> **Stored data**
Segment Open
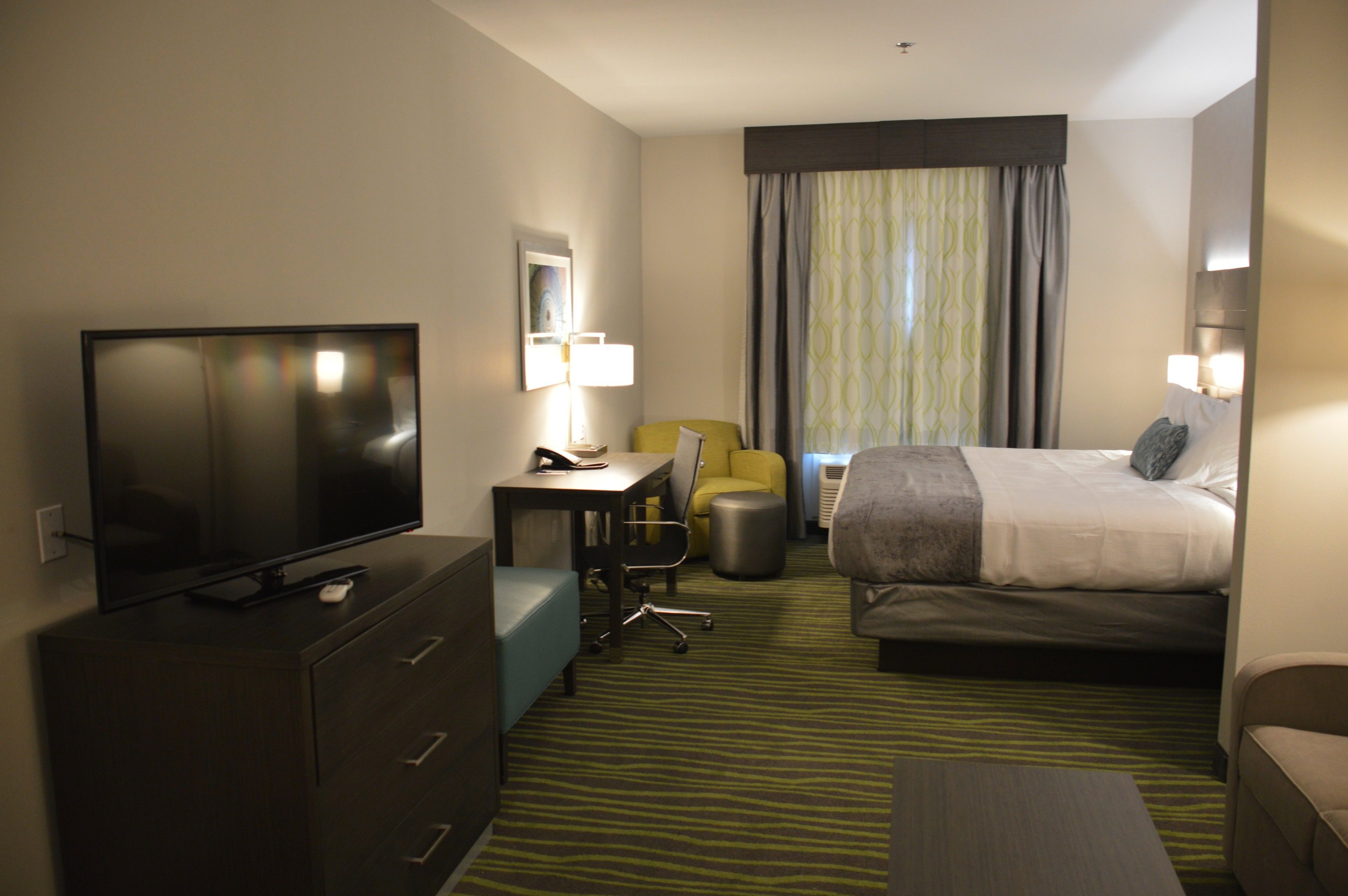 A hotel room with a bed, a desk with a computer, a television, a chair, and a lamp.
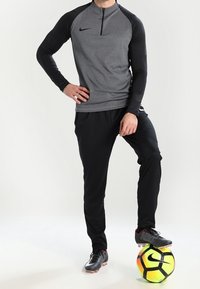 Camiseta de manga larga gris con cremallera de cuarto, con mangas negras, combinada con pantalones deportivos negros. Un balón de fútbol con acentos en amarillo neón y negro está bajo los pies.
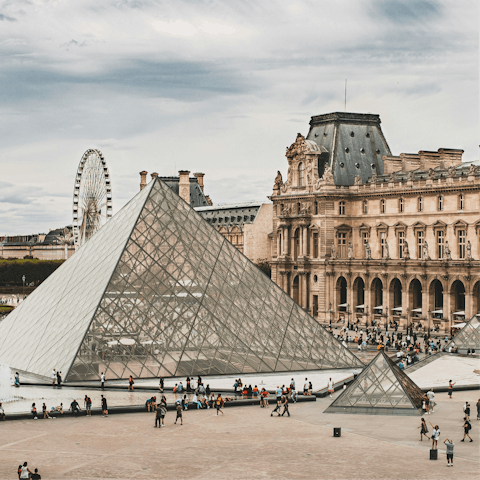 Walk fifteen minutes to the Louvre and spend the day among art
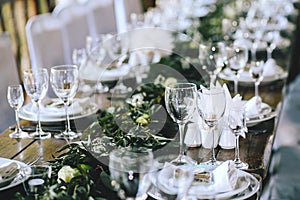 Decorated elegant wooden wedding table in rustic style with eucalyptus and flowers, porcelain plates and glasses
Segment Closed
Transcribe all of the lines above exactly as given. The pictures stay out.

 A hotel room with a bed, a desk with a computer, a television, a chair, and a lamp.
 Camiseta de manga larga gris con cremallera de cuarto, con mangas negras, combinada con pantalones deportivos negros. Un balón de fútbol con acentos en amarillo neón y negro está bajo los pies.
 Walk fifteen minutes to the Louvre and spend the day among art
 Decorated elegant wooden wedding table in rustic style with eucalyptus and flowers, porcelain plates and glasses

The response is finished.